Obviously this had major impacts to drilling activity especially well completion in the region. This frigid weather also affected operating results of Bakken E&P concerns in the first quarter of the year.
However, the region is experiencing a warm spring and drilling activity is starting to accelerate. After only 70 new wells were completed in the region in February, 200 wells were completed in March. Look for this upward trend to continue throughout spring. March saw record production levels for the first time since November and the Bakken should cross the 1mm barrels per day of oil level sometime in mid-year.
This warmer weather and increased drilling activity is just one more reason to buy some of the more attractive plays in the space. Here are two that look undervalued here on a long term perspective at current levels.
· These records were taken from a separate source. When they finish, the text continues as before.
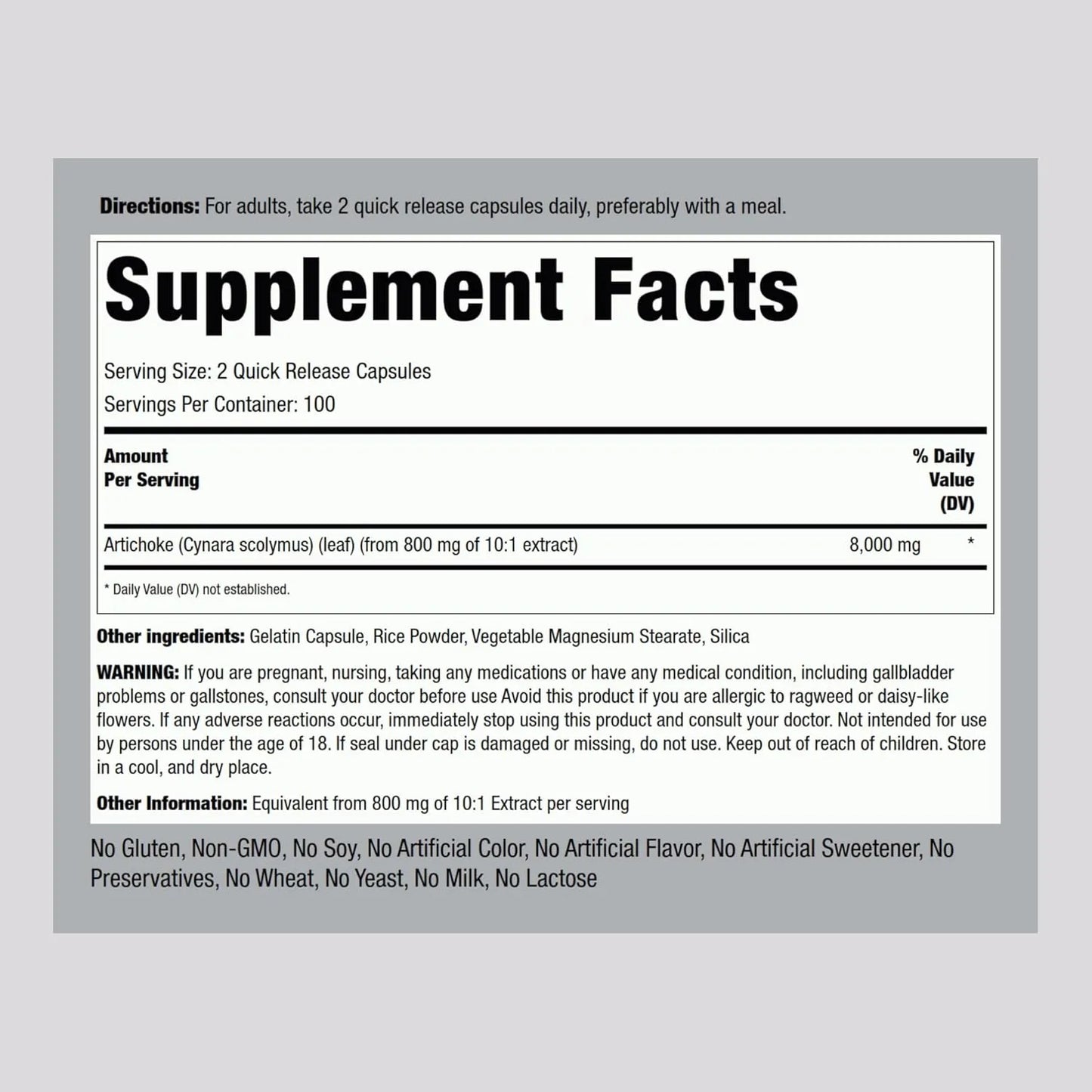 Capsulas Extracto Alcachofa 8000 Mg 200 Unidades Detox Natural Sin Gluten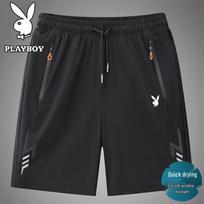 PLAYBOY Men's Ice Silk Casual Shorts 3XL juoda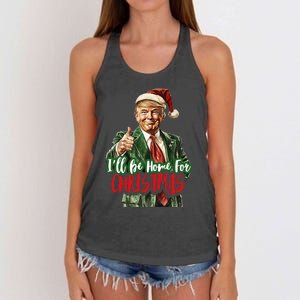 ILl Be Home For Christmas Santa Trump Xmas Pajamas Women's Knotted Racerback Tank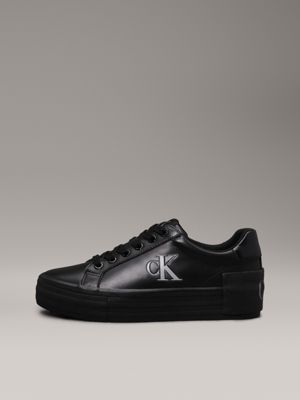 triple black leather platform trainers for women calvin klein jeans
Kodiak & Gas (NYSE:KOG) is a midsized (~$3.5B market capitalization) I continue to own and like. It has one of the lowest five year projected PEGs (.37) within my growth portfolio. Kodiak has attractive acreage within the Bakken and it roughly doubled production in 2013 year-over-year. Proven reserves also posted gains of more than 75% for the year. Growth should slow down in the next couple of years, but the company still has approximately a dozen years of inventory to drill.
According to the current consensus, earnings should increase by a third this year over 2013's levels with another 25% penciled in for FY2015. Kodiak is going for a very reasonable 12.5x 2015 consensus earnings per share and ~6x operating cash flow for this fast growing production play.
It is hard to talk about E&P concerns in the Bakken without mentioning Continental Resources (NYSE:CLR). It is one of the pioneers using fracking technology and is the biggest leaseholder in the Bakken. Although not as cheap based on long term earnings prospects as Kodiak, Continental still sports a five year projected PEG of under 1 (.81).
Consensus earnings estimates for both FY2014 & FY2015 have started to move up again over the last two months. Revenues should be up over 25% year-over-year and earnings should post better than a 30% increase over 2013's levels. The shares are selling at just under 20x forward earnings. This is a ~15% premium over the overall market multiple but reasonable in light of Continental's more favorable growth prospects than the average S&P 500 stock.
Disclosure: I am long KOG. I wrote this article myself, and it expresses my own opinions. I am not receiving compensation for it (other than from Seeking Alpha). I have no business relationship with any company whose stock is mentioned in this article.